The choice of title and preamble wording was intended to (misleadingly!) suggest a railway connection, my previous Listener puzzle, “Travelling Light”, having had such a theme.  In the event, however, a fair amount of time passed before “Signal Boxes” was published, though a number of solvers did comment on an initial, apparent connection.

Clue writing was straightforward, there being no gimmicks to take care of, and I was able to introduce a scattering of railway terminology in them, just for fun!

While I was fairly certain that most solvers would make progress by initially noticing “logic” or “Boole” in the grid, I appreciated that there would be much less familiarity with the name “Shannon”.  I was relieved to learn later that there is an entry for Claude Shannon in Chambers Biographical Dictionary, so any complaints about obscurity would not be on very strong grounds.
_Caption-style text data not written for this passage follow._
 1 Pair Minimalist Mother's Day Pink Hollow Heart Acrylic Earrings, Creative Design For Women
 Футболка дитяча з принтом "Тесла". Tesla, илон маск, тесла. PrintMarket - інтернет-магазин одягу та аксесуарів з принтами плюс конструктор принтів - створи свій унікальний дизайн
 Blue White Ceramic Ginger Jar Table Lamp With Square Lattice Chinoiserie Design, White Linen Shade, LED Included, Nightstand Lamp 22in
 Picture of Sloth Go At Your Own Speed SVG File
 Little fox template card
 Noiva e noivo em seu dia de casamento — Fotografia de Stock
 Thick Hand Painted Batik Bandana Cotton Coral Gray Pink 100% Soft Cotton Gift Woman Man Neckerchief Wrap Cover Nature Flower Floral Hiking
I was delighted to find that overall the puzzle received a very good reception, and that nobody seemed to mind that a crossword required the solver to perform some mathematical processing.

The most common error was, perhaps predictably, incorrect assignment of one or more of the five “free” signal values.  Opinion was divided as to whether the final stage was straightforward or not, as is often the case with puzzles where there is some “business” to attend to once the grid has been filled.  Comments on the clues showed that they were regarded as being on the easy side by Listener standards.

Digital circuits exploit other logic gates apart from the five I used, but in fairness I stuck to those with entries in Chambers 2003.  A solver’s remark on the absence of XOR in the puzzle prompted me to check the new edition of Chambers (2008), when I found that the two “missing” gates, XOR and XNOR, have now been added.  The puzzle might have looked different had I been setting it in 2009!